Auditions had just finished when the pandemic hit. The dancers – from Indonesia, Taiwan, Japan, Malaysia and South Korea – ended up rehearsing via video link. When restrictions eased a little, Ahn couriered costumes to the dancers and arranged camera units to go to each location to make 3D holographic recordings of each dancer, in specially set up studios. It was laborious, time-consuming, expensive and unpredictable. “I thought I would die first,” remembers Ahn.

Two years later, Ahn was able to incorporate the virtual presence of her isolated, far-flung cast with live choreography for seven dancers in Seoul, and Dragons was born. What can we expect? Tumbling dance; holographic choreography that juggles speed, scale and illusion; psychedelic video projections; a profusion of costumes and swirling fabrics; silver tentacles; giant Slinkys – and colour, lots of colour.

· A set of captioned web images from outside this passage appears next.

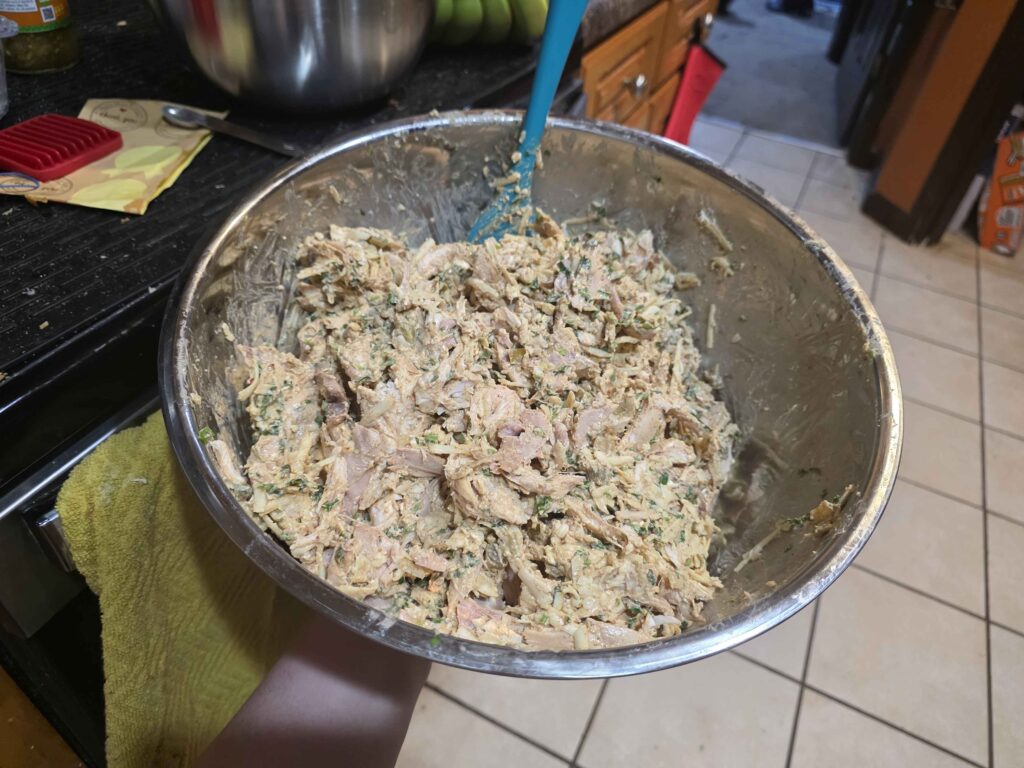 the same giant bowl, now with cream cheese and spices and salsa and chicken in it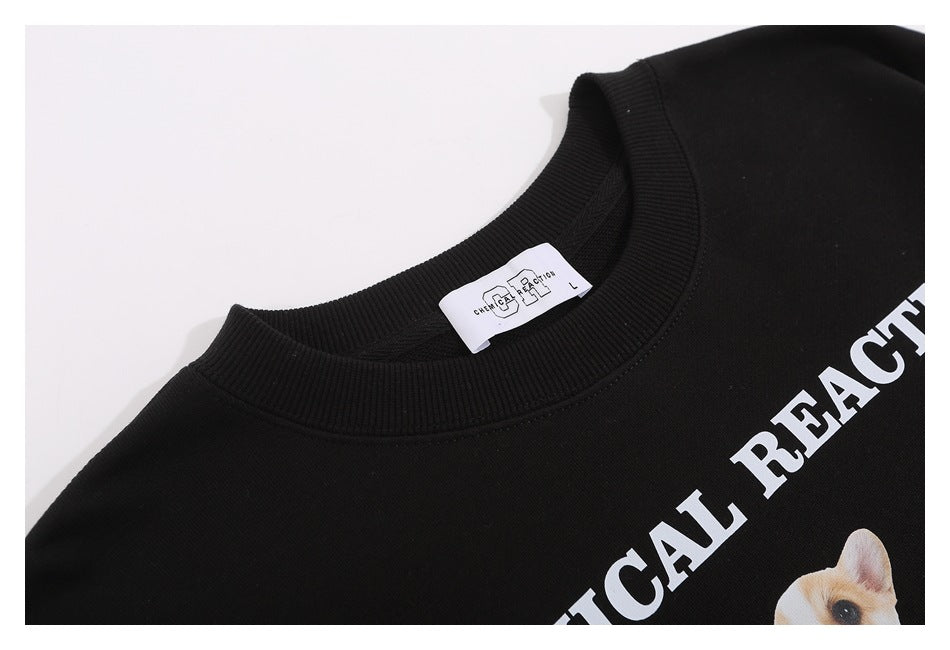Close-up of a black sweatshirt neckline and label, with part of its white dog graphic and lettering visible.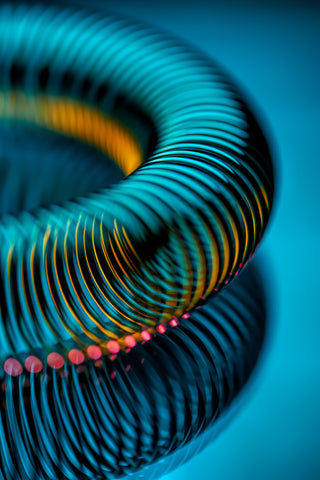 Close-up of a coiled cocktail strainer with multicolored bands on a blue background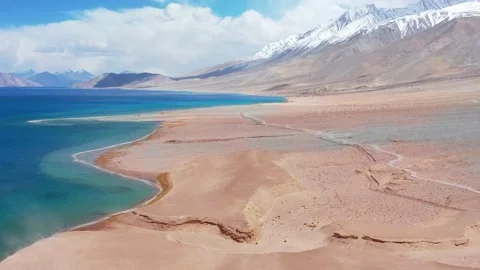 Forward flight tilting up from blue water to snow peaks at Pangong Lake. Stock Footage 336329935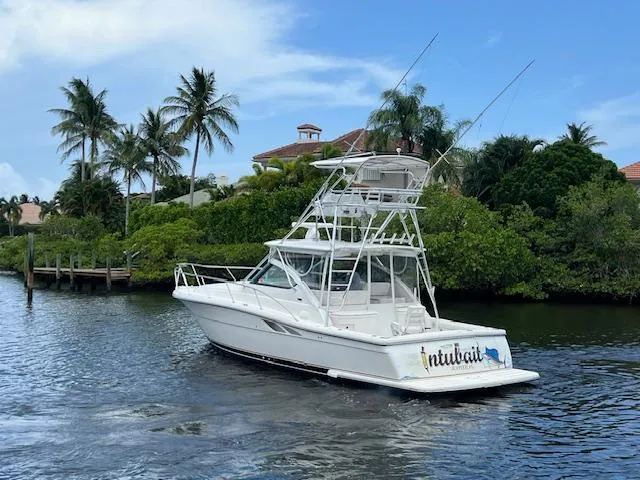  Yacht Photos Pics 2003 Tiara Yachts 3800 Open cruising on a tropical waterway with palm trees.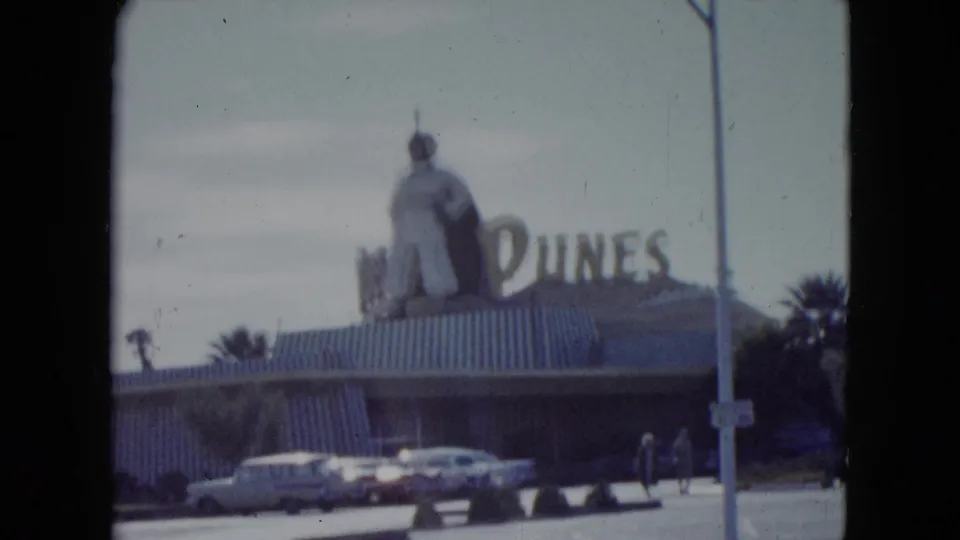 1959 Nevada frame with the Dunes sign, large rooftop figure, parked period cars, street pole, palms, and pedestrians.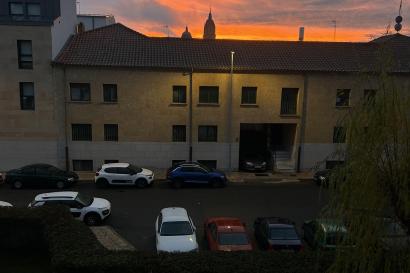 A sunset from the view of a dorm room in Salamanca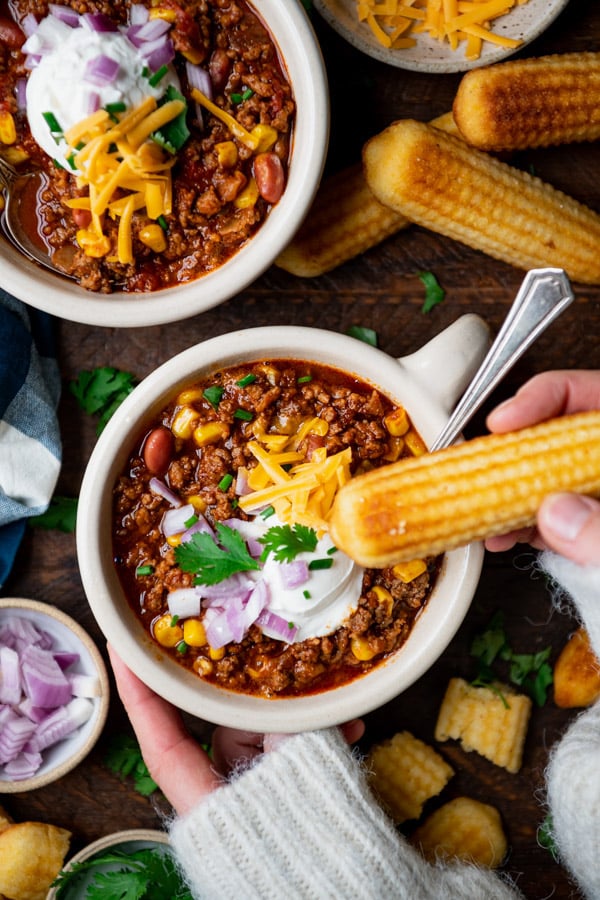 Hands dipping cornbread in a bowl of beef chili.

“Asian culture uses many colours,” says Ahn. “We need colour: it’s energy.” And what of the dragons of the title? “There are millions of dragon stories in Asia,” she says. “It’s not a monster, like in the west. The dragon can be many things at once. It can be an animal or an element – or the internet. It can be clever, or cute. Or fight, or protect. It can go under the water and over the sky.”

Are Ahn’s 21st-century pan-Asian dancers, digitally teleported into the theatre, our present-day dragons? By way of response, she ripples her arms and fingers to suggest the mercurial motion of indefinable, ungraspable beings, saying: “I think their future will be like that.” It’s a bright, unbounded vision, far from the issues and the angst more common to today’s contemporary dance, and as Ahn twirls and beams before me, I find myself almost wanting to believe it.

  • Eun-Me Ahn: Dragons is at the Barbican, London, 20-23 September and the Lowry, Salford, 26-27 September. Sanjoy Roy’s trip to Amsterdam was provided by the Barbican.